** Opening INFORMATION PROVIDED block **

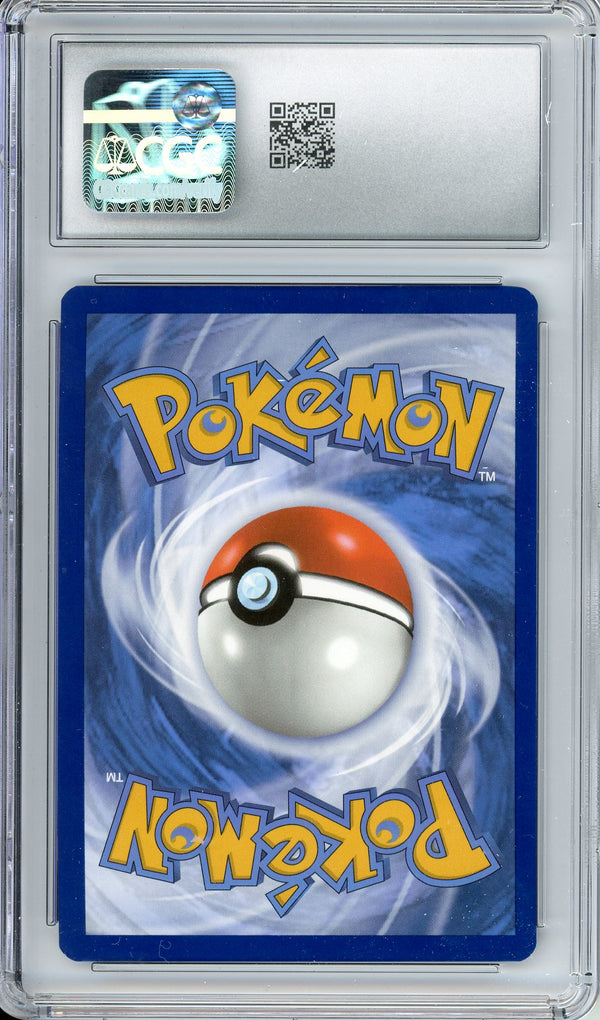 Pokemon Graded: Squirtle 148/142 Stellar Crown (2024) IR Holo CGC 9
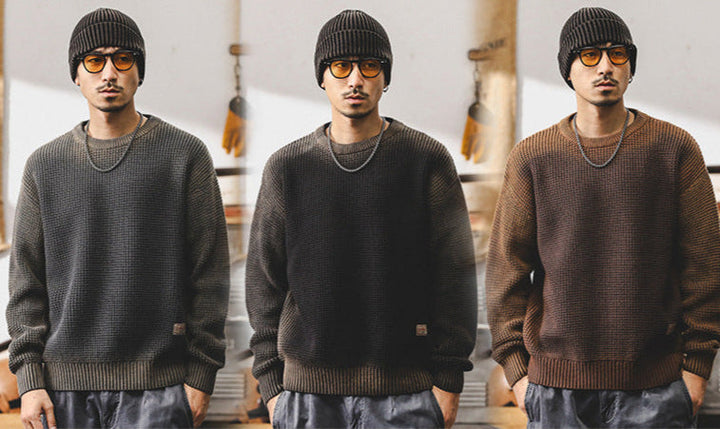 Vaagoon Nightfall Drifter Sweater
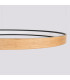 Rio_Eik Integrated LED Pendant Ceiling Light Natural Wood-5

** Closing INFORMATION PROVIDED block **

### EXERCISE INSTRUCTIONS:
Please write out all the data word for word, but keep every picture out.

### TASK ANSWER:
 Pokemon Graded: Squirtle 148/142 Stellar Crown (2024) IR Holo CGC 9
 Vaagoon Nightfall Drifter Sweater
 Rio_Eik Integrated LED Pendant Ceiling Light Natural Wood-5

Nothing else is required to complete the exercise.